**Task goal**
Exact retyping of the data: please keep every word and drop each picture.

[[ Data listing open ]]

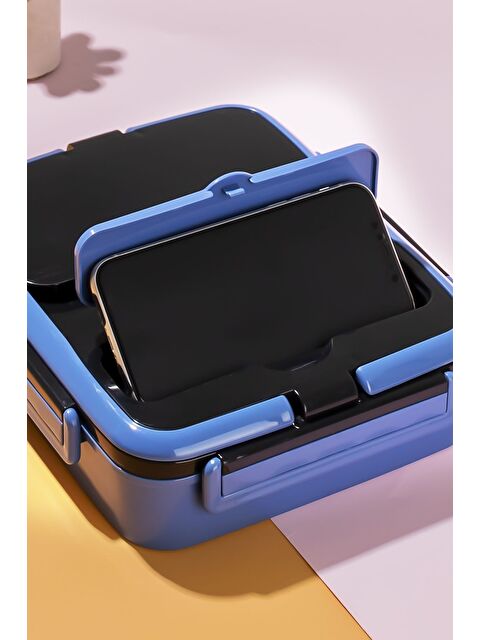 Porsima 1392-2 Çelik 3 Bölmeli Yemek Termosu Beslenme Kutusu Lunchbox Sefer Tası-mavi - S000295384-37375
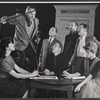 Leon Janney, Lionel Stander [seated at table] Robert Pastene, Jack Gilford and Marcie Hubert [seated at right] and unidentified others in the Off-Broadway production The Policeman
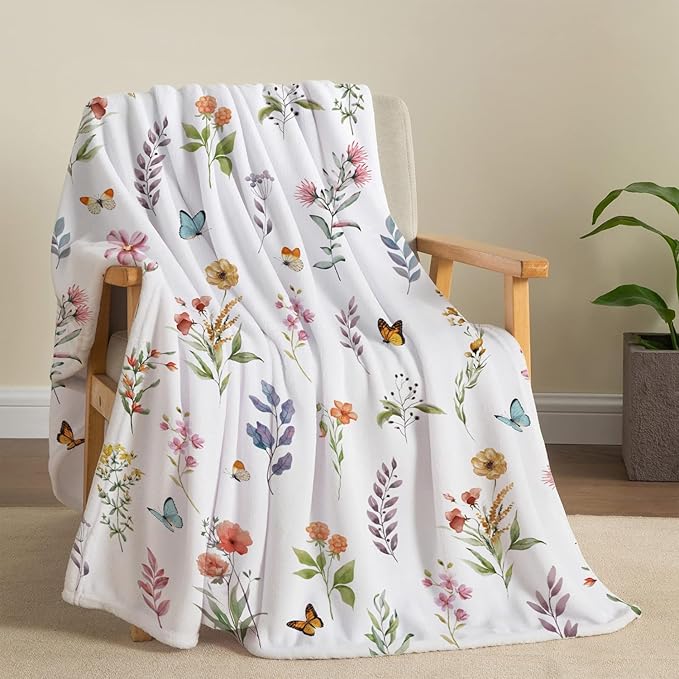Floral Flower Throw Blanket Botanical Plant Throw Blankets Colorful Flannel Fleece Throw Blankets Watercolor Butterfly Cozy Fuzzy Plush Blanket for Bed Chair Couch 60" X 80"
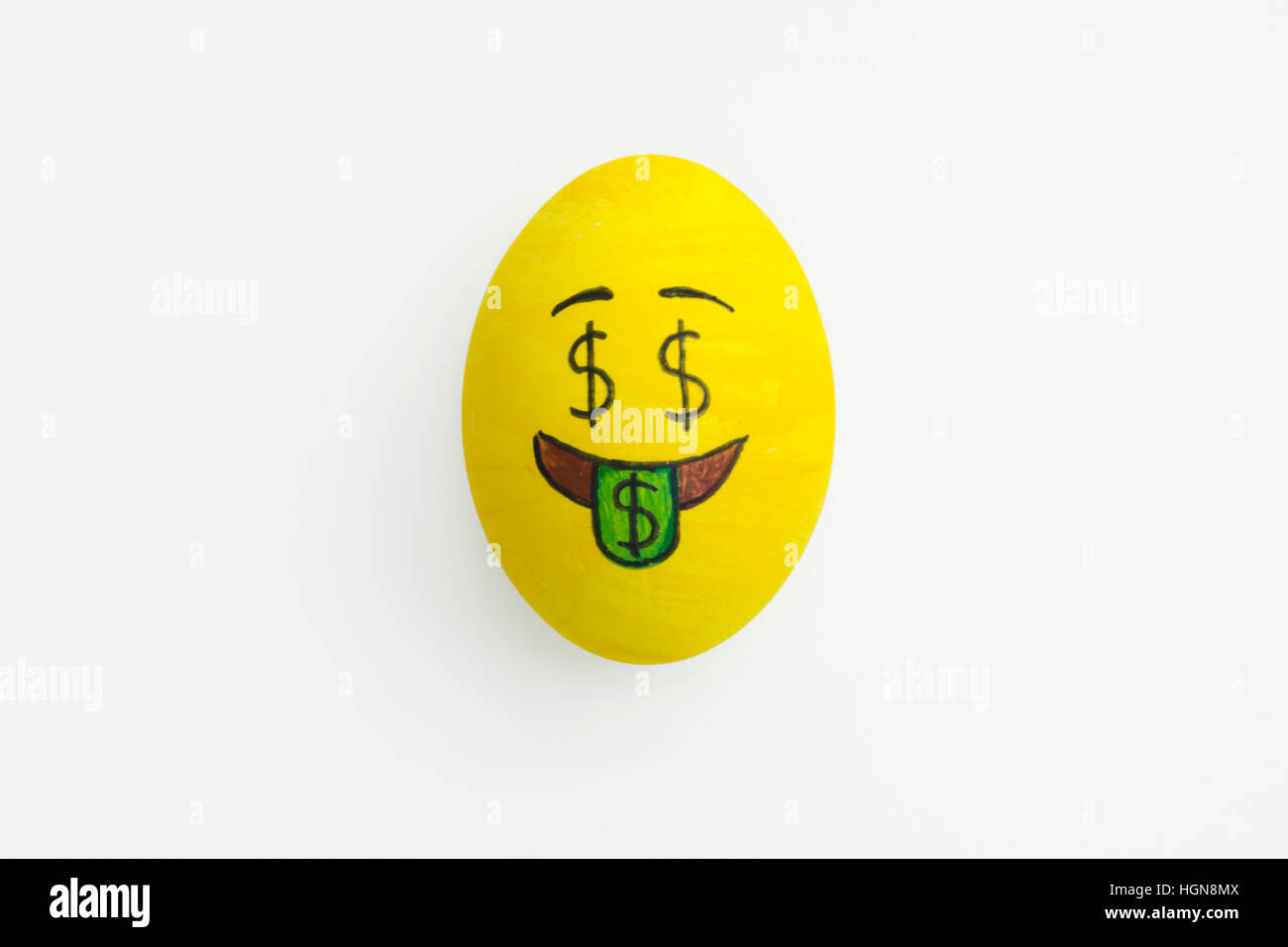 Emoji Osterei mit Gesichtsausdruck "Ich liebe Geld in isolierten weißen Hintergrund'. Stockfoto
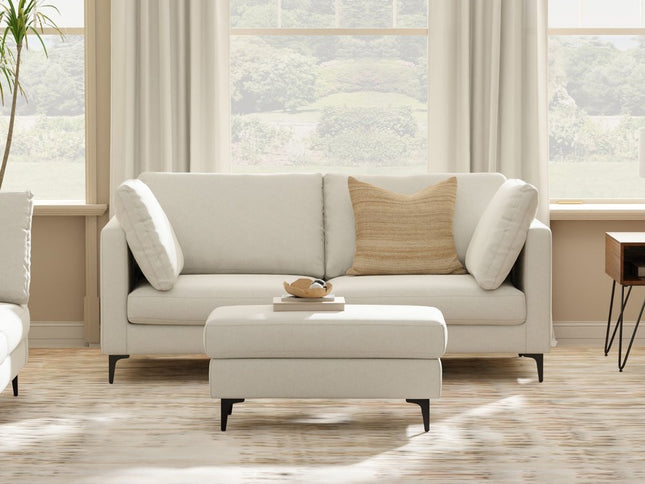 76" Cream Fabric Sofa With Black Legs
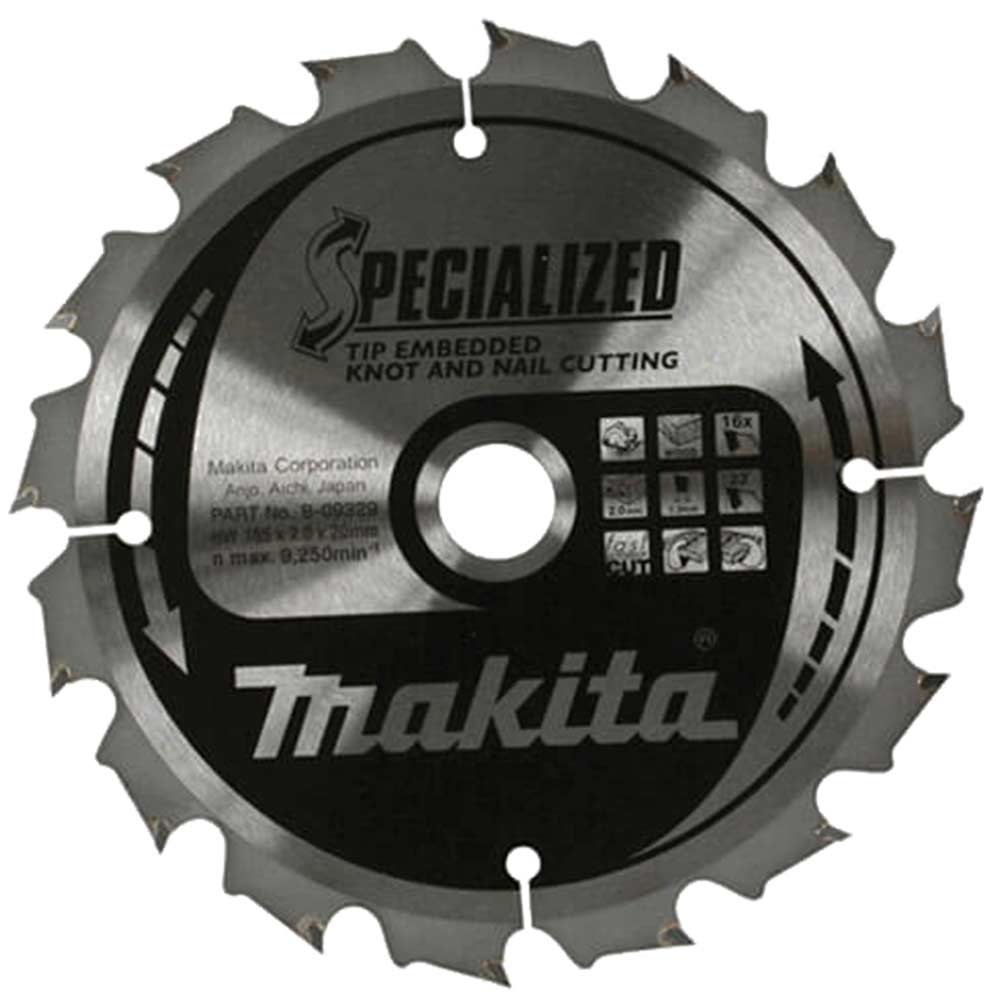 Image of Makita SPECIALIZED Knot and Nail Cutting Saw Blade 185mm 16T 30mm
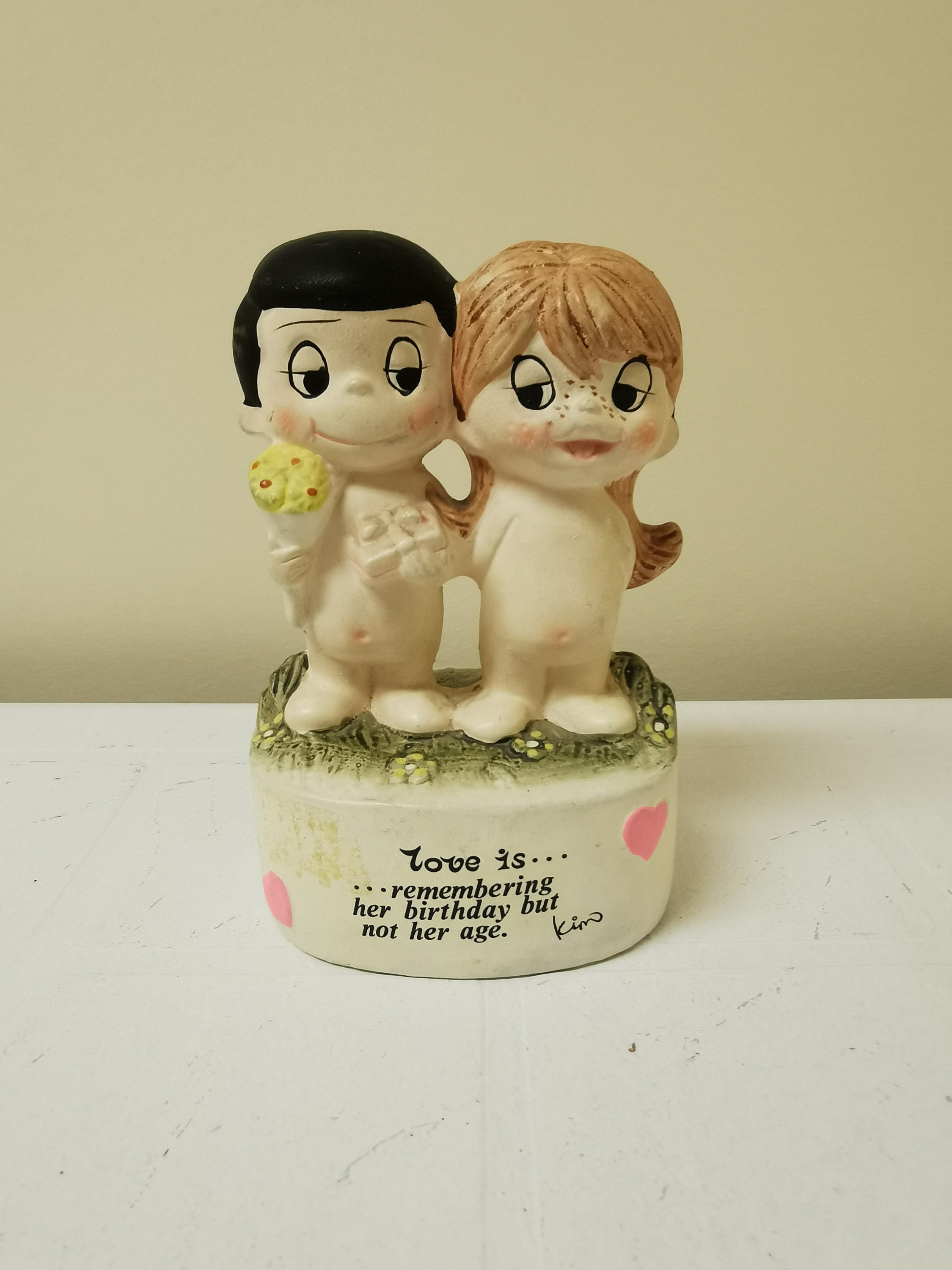 Vintage Love is Figurine Bank Knickknack Kim 1972 Valentines Day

[[ Data listing closed ]]

**Exercise result**
 Porsima 1392-2 Çelik 3 Bölmeli Yemek Termosu Beslenme Kutusu Lunchbox Sefer Tası-mavi - S000295384-37375
 Leon Janney, Lionel Stander [seated at table] Robert Pastene, Jack Gilford and Marcie Hubert [seated at right] and unidentified others in the Off-Broadway production The Policeman
Floral Flower Throw Blanket Botanical Plant Throw Blankets Colorful Flannel Fleece Throw Blankets Watercolor Butterfly Cozy Fuzzy Plush Blanket for Bed Chair Couch 60" X 80"
 Emoji Osterei mit Gesichtsausdruck "Ich liebe Geld in isolierten weißen Hintergrund'. Stockfoto
 76" Cream Fabric Sofa With Black Legs
 Image of Makita SPECIALIZED Knot and Nail Cutting Saw Blade 185mm 16T 30mm
 Vintage Love is Figurine Bank Knickknack Kim 1972 Valentines Day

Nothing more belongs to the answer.